YOUR ASSIGNMENT
Below are the records; return exactly the lines from the one with "Продам ноутбук HP" through the final line, both included, minus any pictures.
--- START ---
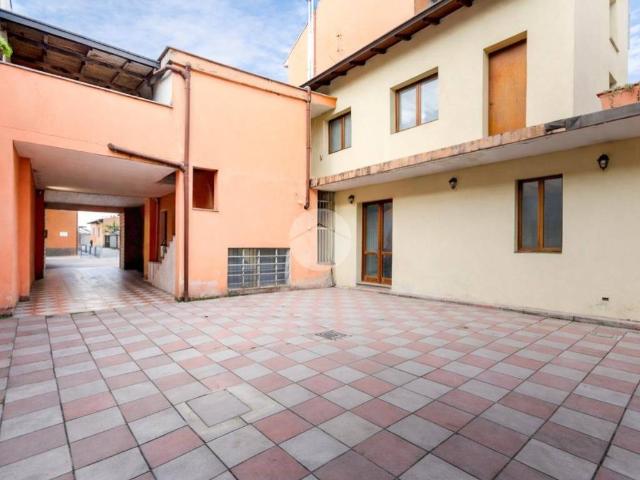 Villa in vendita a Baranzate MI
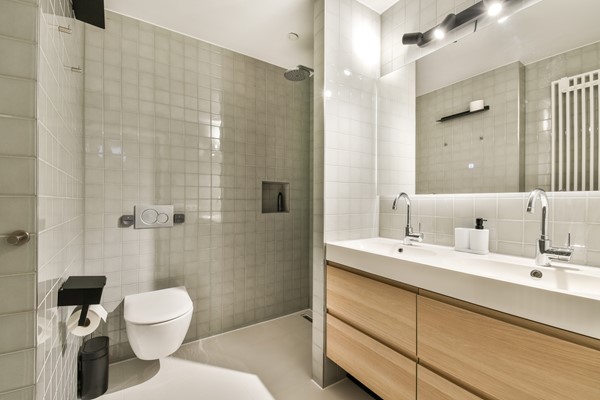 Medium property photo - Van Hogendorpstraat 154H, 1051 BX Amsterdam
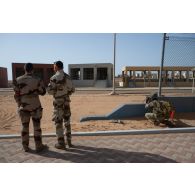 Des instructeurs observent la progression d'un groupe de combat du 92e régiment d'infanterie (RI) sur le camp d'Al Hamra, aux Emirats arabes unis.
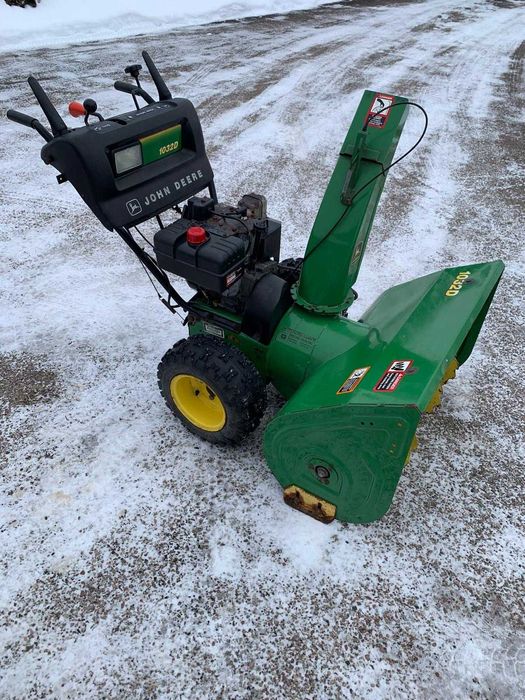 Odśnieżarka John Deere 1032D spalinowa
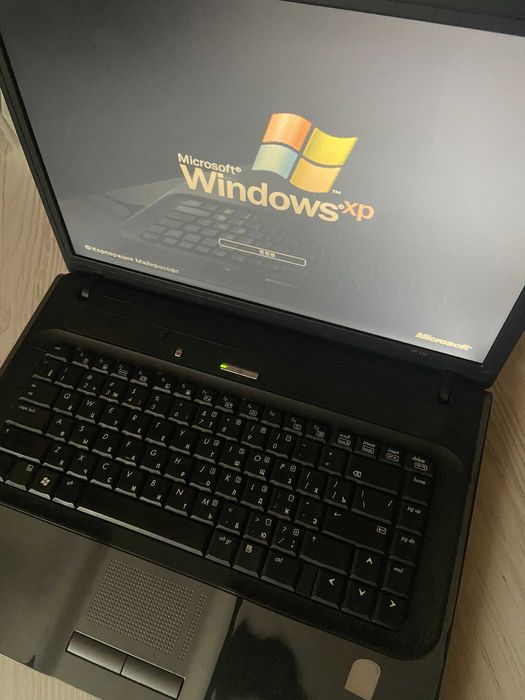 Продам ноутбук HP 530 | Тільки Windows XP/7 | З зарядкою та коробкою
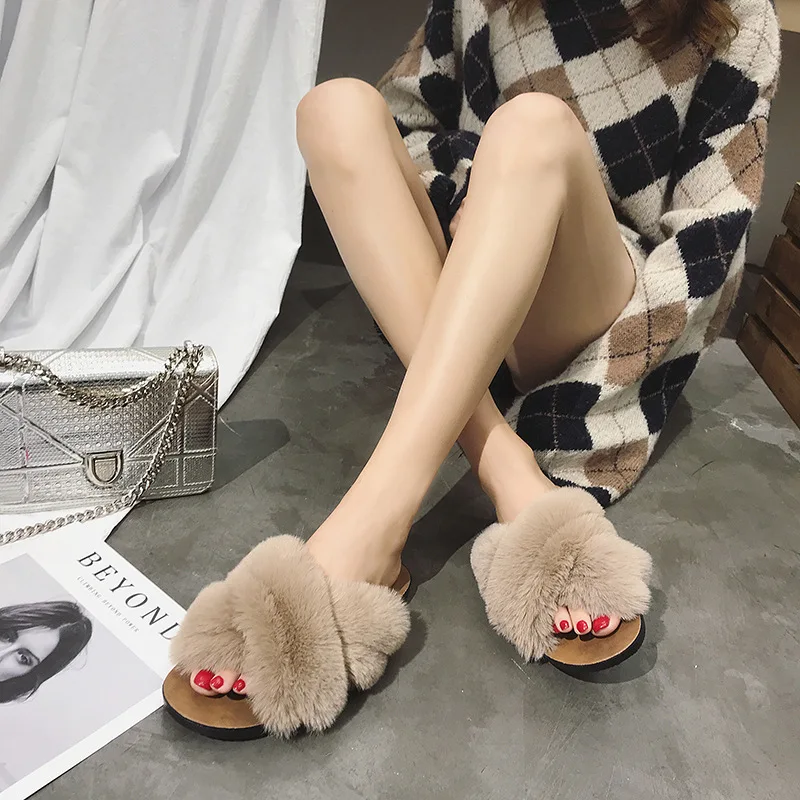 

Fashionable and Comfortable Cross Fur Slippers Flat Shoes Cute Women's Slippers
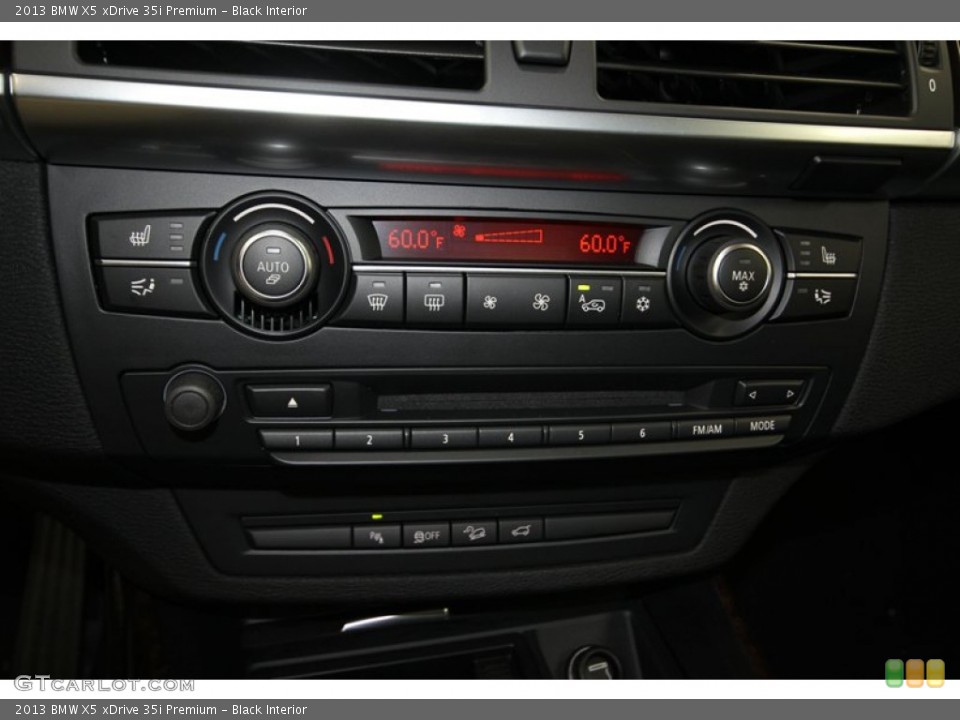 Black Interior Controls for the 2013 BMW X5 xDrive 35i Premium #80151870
--- END ---
WRITTEN RESPONSE
 Продам ноутбук HP 530 | Тільки Windows XP/7 | З зарядкою та коробкою

Fashionable and Comfortable Cross Fur Slippers Flat Shoes Cute Women's Slippers
 Black Interior Controls for the 2013 BMW X5 xDrive 35i Premium #80151870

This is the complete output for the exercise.